[Collected data entries]
____________________
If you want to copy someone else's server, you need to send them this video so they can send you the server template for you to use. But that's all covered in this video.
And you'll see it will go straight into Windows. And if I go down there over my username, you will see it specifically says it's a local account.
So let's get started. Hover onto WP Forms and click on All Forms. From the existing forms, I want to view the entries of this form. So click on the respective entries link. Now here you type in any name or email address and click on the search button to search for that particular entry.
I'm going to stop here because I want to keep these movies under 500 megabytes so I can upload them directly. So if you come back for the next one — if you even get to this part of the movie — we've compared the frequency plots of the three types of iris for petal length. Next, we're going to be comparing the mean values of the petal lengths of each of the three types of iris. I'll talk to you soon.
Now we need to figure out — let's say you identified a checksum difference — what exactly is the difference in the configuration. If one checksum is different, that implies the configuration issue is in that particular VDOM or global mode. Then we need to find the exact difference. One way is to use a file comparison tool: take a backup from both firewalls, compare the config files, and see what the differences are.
____________________
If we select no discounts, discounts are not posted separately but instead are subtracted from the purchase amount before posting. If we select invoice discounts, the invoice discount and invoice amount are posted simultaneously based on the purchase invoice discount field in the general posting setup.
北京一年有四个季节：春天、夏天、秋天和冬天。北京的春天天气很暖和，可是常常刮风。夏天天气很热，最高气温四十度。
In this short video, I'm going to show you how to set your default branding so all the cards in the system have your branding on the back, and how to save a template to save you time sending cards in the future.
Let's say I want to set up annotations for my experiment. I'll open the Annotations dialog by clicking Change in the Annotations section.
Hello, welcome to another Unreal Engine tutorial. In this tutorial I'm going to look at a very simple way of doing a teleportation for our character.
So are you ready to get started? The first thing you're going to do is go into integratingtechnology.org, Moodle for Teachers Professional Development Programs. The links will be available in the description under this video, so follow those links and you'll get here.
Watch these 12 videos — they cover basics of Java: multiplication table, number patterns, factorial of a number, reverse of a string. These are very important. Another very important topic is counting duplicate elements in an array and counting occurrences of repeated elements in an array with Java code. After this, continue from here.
____________________
### Your task
Copy out all the lines of the records that include "particular".

### Finished task
So let's get started. Hover onto WP Forms and click on All Forms. From the existing forms, I want to view the entries of this form. So click on the respective entries link. Now here you type in any name or email address and click on the search button to search for that particular entry.
Now we need to figure out — let's say you identified a checksum difference — what exactly is the difference in the configuration. If one checksum is different, that implies the configuration issue is in that particular VDOM or global mode. Then we need to find the exact difference. One way is to use a file comparison tool: take a backup from both firewalls, compare the config files, and see what the differences are.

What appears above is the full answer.